Sometimes tracking down 404 errors (HTTP “Resource not found”) on a web site is easy to do, but I ran into a tricky case yesterday that took me the better part of the afternoon to resolve. I want to share the steps I walked through in the hopes it saves someone else some time.
If you run a web site you’ll want to periodically verify that your site is being crawled properly by search engines. Both Google Webmaster tools and Bing Webmaster give you a handy “crawl errors” list which shows URLs the search engine fails to index, and the corresponding “origin” pages that link to the problem URLs.
This weekend I checked on Google Webmaster and was surprised to find a few hundred 404 errors in recent crawls of 5 Blocks Out. (There were no matching errors on Bing, and I’m still not sure why.)
Warning: from here on, this blog post gets ugly. Skip to “Lessons Learned” below if you just want the punchline.

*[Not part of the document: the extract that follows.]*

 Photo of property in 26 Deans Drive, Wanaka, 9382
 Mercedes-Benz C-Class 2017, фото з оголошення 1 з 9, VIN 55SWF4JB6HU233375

All the URLs looked similar to this:
5blocksout.com/q5E3Q1Db7SpV45DINIfRr28pnGRt5G/ujfe3SPV36M=
In other words, each URL had a path consisting of a long string of alphanumeric characters, and ending with an equals sign.
We don’t support URLs like this on 5 Blocks Out, hence all the 404 errors. But where were they coming from?
The crawl errors report listed many different 5 Blocks Out web pages as the origins for these problem URLs. The next step was obvious, then: look at the source code for each origin page containing a problem URL, and then fix the problem. Well, it turned out that none of the origin pages actually contained any of these problem URLs. Googlebot had discovered these URLs at crawl time, but I couldn’t find any them myself. Phantom URLs.
I cleared my browser cache and tried again, with the same results. Then I tried wget, to more closely mimic what Googlebot would see. Again, same results: I couldn’t find any of these supposed 404 URLs on the origin pages.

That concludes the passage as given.